Ces nouvelles manières de tisser des liens caractérisent tout particulièrement un phénomène d’apparence paradoxale : la valeur des liens de « faible intensité ». « Faibles », car les échanges sur les réseaux peuvent s’avérer éphémères, ponctuels et ils n’offrent pas toujours la continuité de l’échange traditionnel en « face à face ». Mais, engageant peu, ils permettent de coopérer plus. Un échange sur un réseau implique moins, mais autorise plus de marge de manœuvre. Ce fait est producteur d’une nouvelle efficacité sociale qui se révèle contestataire de la puissance du marché.
D’autres exemples sont disponibles; ils soulignent tous l’enjeu des nouvelles technologies : à travers elles, c’est bien l’efficacité de la propriété comme base de la production – économique, politique et plus largement, comme le titre le porte, « sociale » – qui se voit remise en cause. Un nombre d’acteurs non propriétaires, coopérant chacun pour une partie, parfois infime, à une réalisation commune, sans avoir à se connaître, à se rencontrer, donc avec un minimum de coûts sociaux et de coordination, peuvent être plus efficaces que l’action d’un « propriétaire » se chargeant – ou chargeant des collaborateurs rémunérés – d’une tâche. Il ne s’agit d’ailleurs pas seulement d’une nouvelle division du travail, mais plus essentiellement d’une réactivité nouvelle : les erreurs (d’une encyclopédie, d’une correction d’épreuve, les « bugs » d’un code source dans un logiciel libre) sont aisément repérées par les personnes intéressées et réparées par elles. C’est toute la « valeur normative » des « liens faibles » (weak ties, p. 366) : on parvient à des productions aussi et même plus sophistiquées sans le coût social des liens « lourds » tels la famille, le voisinage, la communauté d’autrefois. Cela ne signifie pas la disparition de ces liens lourds, mais la relativisation de leur importance.
Cette substitution n’est pas un miracle : elle découle des propriétés de décentralisation et de collaboration que présentent les réseaux et d’une autre propriété, qui est celle de l’information elle-même : elle constitue un bien non concurrentiel (non rival good), en ce sens que sa consommation par une personne n’empêche pas sa consommation par une autre personne (p. 36).
La puissance des réseaux semble donc immense et propice aux échanges, à créer des communautés, à développer des outils "partageables" et concurrentiels des solutions proposées par le marché, à être aussi efficace qu'une entreprise chargée de piloter un projet. Ainsi, sans intermédiaires couteux, les citoyens pourraient rester opérateur de leur mobilité donc "autonomes collectivement" en utilisant des outils libres.

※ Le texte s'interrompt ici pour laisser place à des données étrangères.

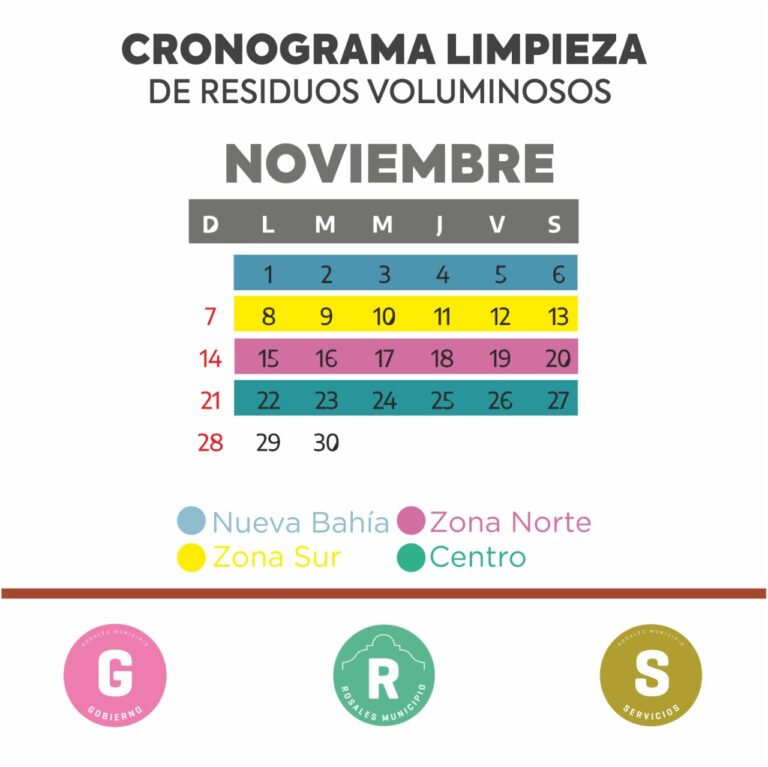 Cronograma voluminosos noviembre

Pourtant, est-ce que ces communautés sont assez solides pour inspirer la confiance nécessaire au partage d'objets matériels ? En effet, la mobilité constitue dans certains cas un bien non concurrentiel (quand j'ai 3 places libres dans ma voiture, je peux accepter 3 personnes sans "concurrence") mais impliquant le partage de certains biens matériels.
Pour Zygmun Bauman sur ndlr, notre société individualisée va de pair avec une extrême précarisation des liens. La tendance à substituer la notion de « réseau » à celle de « structure » dans les descriptions des interactions humaines contemporaines traduit parfaitement ce nouvel air du temps. Contrairement aux «structures » de naguère, dont la raison d'être était d'attacher par des noeuds difficiles à dénouer, les réseaux servent autant à déconnecter qu'à connecter...
Il est donc possible que certaines communautés, de part leur structure, les catégories de personnes engagées, leur taille, puissent inspirer cette confiance et mettre en oeuvre ces nouvelles solutions de partage d'informations, de connaissances et d'objets. Seront-elles suffisantes pour faire basculer le marché de la mobilité ?
Si le réseau n'est pas suffisant pour inspirer la confiance, une autre tendance pourrait se développer, conformément à la proposition n°4 de J.Attali auteur de Survivre aux crises (voir précédente note), la résilience: ne compter que sur soi-même, rechercher l'autonomie voire l'autarcie, n'acheter que des véhicules d'occasion et développer des compétences pour réparer, maintenir en état (voir le développement des self-garages), et si besoin, pour des raisons économiques, troquer ses places libres dans sa voiture (voir ici), ou vendre la place libre dans son coffre (voir ici)...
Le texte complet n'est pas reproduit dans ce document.